Sebastian Vettel qualified second, just five hundredths behind, and Nico Rosberg third, making the top three a replica of the front of the grid in Australia two weeks ago.
With rain intensifying in the final moments of Q3 it looked as if Rosberg, Vettel and Alonso would all have chances to go quicker - but Rosberg and Alonso both failed to improve their times.
Vettel never even got a chance to improve, in the end: a terrible blunder of timing as he tried to wait for a clear track ahead meant that he crossed the start-finish line a few seconds too late, and missed the chance to squeeze in his final flying lap.
Hamilton relieved to take pole in 'incredible' rain
Such a crushingly amateur error is far from characteristic of Red Bull and Vettel, and the German was no doubt seething inside - particularly given how close he had been to Hamilton's time earlier on in the session.

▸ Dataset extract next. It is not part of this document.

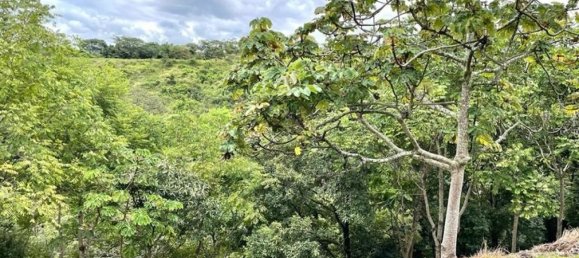 Land for sale in Alajuela, Costa Rica № 1761 6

Hamilton's pole was the 33rd of his career, equalling the British record that had been held by Jim Clark since 1964 - though Clark's poles were earned in just 73 races compared to Hamilton's 131.
Fernando Alonso was fourth fastest with Red Bull's Daniel Ricciardo fifth, while Jenson Button finished 10th in Q3 after a gamble on using intermediate tyres backfired on him.
Torrential rain left Sepang under several inches of water, delaying the start of the session for almost an hour.
But once things got under way, Hamilton was the fastest man on the circuit almost from start to finish as he showed yet again that the Mercedes seems to be the car to beat this season.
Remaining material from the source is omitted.